Please copy every line below that contains the string "Pool".
**********
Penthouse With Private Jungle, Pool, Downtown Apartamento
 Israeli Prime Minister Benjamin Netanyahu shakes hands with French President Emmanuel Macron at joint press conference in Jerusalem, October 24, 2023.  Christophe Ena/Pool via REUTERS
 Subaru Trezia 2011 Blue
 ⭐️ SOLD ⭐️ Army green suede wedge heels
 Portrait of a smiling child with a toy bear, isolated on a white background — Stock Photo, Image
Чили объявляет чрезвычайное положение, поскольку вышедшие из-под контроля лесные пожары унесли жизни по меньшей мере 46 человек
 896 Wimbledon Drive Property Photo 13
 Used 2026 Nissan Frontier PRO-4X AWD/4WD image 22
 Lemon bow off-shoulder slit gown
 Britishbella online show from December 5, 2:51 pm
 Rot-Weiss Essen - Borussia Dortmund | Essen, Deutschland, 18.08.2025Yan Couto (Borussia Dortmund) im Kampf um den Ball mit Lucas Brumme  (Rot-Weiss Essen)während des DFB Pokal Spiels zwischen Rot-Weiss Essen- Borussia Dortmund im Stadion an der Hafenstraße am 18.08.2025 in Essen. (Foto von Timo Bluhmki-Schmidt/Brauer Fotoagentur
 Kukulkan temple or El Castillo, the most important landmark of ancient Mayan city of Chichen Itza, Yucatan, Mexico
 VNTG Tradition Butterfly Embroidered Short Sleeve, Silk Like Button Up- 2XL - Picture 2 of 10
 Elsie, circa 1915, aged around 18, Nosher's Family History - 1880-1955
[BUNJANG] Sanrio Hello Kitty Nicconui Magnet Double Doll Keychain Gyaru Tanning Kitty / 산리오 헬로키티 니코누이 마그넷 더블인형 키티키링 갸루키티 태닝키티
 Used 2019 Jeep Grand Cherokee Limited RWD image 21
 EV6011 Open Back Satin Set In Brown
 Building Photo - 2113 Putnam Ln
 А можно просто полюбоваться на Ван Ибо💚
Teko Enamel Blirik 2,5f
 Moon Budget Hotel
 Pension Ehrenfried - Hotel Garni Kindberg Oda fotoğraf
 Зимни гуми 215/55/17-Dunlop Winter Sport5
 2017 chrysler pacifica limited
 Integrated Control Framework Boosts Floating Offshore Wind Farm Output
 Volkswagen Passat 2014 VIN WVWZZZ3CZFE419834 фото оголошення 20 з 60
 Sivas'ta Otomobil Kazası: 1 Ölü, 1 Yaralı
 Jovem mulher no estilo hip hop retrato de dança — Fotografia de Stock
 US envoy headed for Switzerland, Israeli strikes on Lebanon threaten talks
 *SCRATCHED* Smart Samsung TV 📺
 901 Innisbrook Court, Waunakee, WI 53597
**********
▸ Your response
Penthouse With Private Jungle, Pool, Downtown Apartamento
 Israeli Prime Minister Benjamin Netanyahu shakes hands with French President Emmanuel Macron at joint press conference in Jerusalem, October 24, 2023.  Christophe Ena/Pool via REUTERS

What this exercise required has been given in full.